2023 Financial Outlook
Krispy Kreme re-affirms its previous guidance for the full year 2023 as follows:
- Net Revenue of USD 1.65 billion to USD 1.68 billion, +8 percent to +10 percent vs 2022 (+9 percent to +11 percent in constant currency)
- Organic Revenue growth of 9 percent to 11 percent
- Adjusted Ebitda of USD 205 million to USD 215 million, +8 percent to +13 percent vs 2022 (+10 percent to +14 percent in constant currency)
- Adjusted Net Income, Diluted, of USD 52 million to USD 58 million, +5 percent to +17 percent vs 2022 (+9 percent to +21 percent in constant currency)
- Adjusted Diluted EPS of USD 0.31 to USD 0.34, +7 percent to +17 percent vs 2022 (+10 percent to +21 percent in constant currency)
- Income Tax rate between 24.5 percent to 26.0 percent
- Capital Expenditures between USD 105 million to USD 115 million, or approximately 6.6 percent of revenue
- Interest Expense, net between USD 39 million to USD 43 million
The above guidance continues to assume a negative 1 percent impact to 2023 revenue and a negative USD 3 million impact to 2023 Adjusted Ebitda from FX headwinds, with the impact entirely in the first half of the year.
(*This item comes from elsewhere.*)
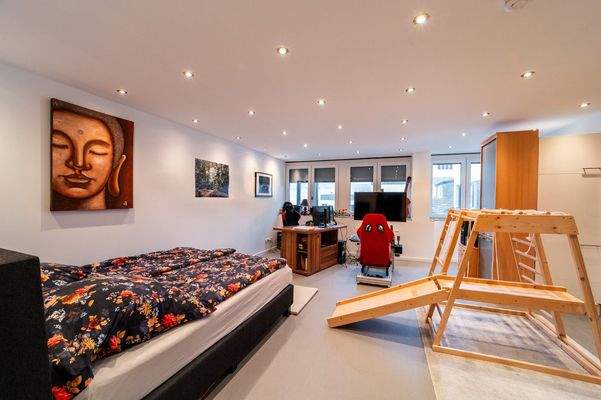 Zimmer, Flurseite gegenüber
The Company expects to reduce its net leverage in 2023, as we make progress towards our 2026 goal of approximately 2.0x to 2.5x net leverage.
Definitions
The following definitions apply to terms used throughout this statement:
- Global Points of Access: Reflects all locations at which fresh doughnuts or cookies can be purchased. We define global points of access to include all Hot Light Theater Shops, Fresh Shops, Carts and Food Trucks, DFD Doors and Cookie Shops, at both Company-owned and franchise locations as of the end of the respective reporting period. We monitor global points of access as a metric that informs the growth of our omni-channel presence over time and believe this metric is useful to investors to understand our footprint in each of our segments.
- Hubs: Reflects locations where fresh doughnuts are produced and processed for sale at any point of access. We define Hubs to include self-sustaining Hot Light Theater Shops and Doughnut Factories, at both Company-owned and franchise locations as of the end of the respective reporting period.
- Sales Per Hub: Sales per Hub equals Fresh Revenues from Hubs with Spokes, divided by the average number of Hubs with Spokes at the end of the five most recent quarters.
- Fresh Revenues from Hubs with Spokes: Fresh Revenues include product sales generated from our Doughnut Shop business (including Ecommerce and delivery), as well as DFD sales, but excluding sales from our legacy wholesale business and our Branded Sweet Treat Line. It also excludes all Insomnia Cookies revenues as the measure is focused on the Krispy Kreme business. Fresh Revenues from Hubs with Spokes equals the Fresh Revenues derived from those Hubs currently producing product for other shops, Carts and Food Trucks, and/or DFD Doors, but excluding Fresh Revenues derived from those Hubs not currently producing product for other shops, Carts and Food Trucks, and/or DFD Doors.
- Total Net Leverage Ratio: Calculated using Net Debt (including both bank debt and financing leases as part of debt) divided by Adjusted Ebitda.
- Free Cash Flow: Defined as cash provided by operating activities less purchases of property and equipment.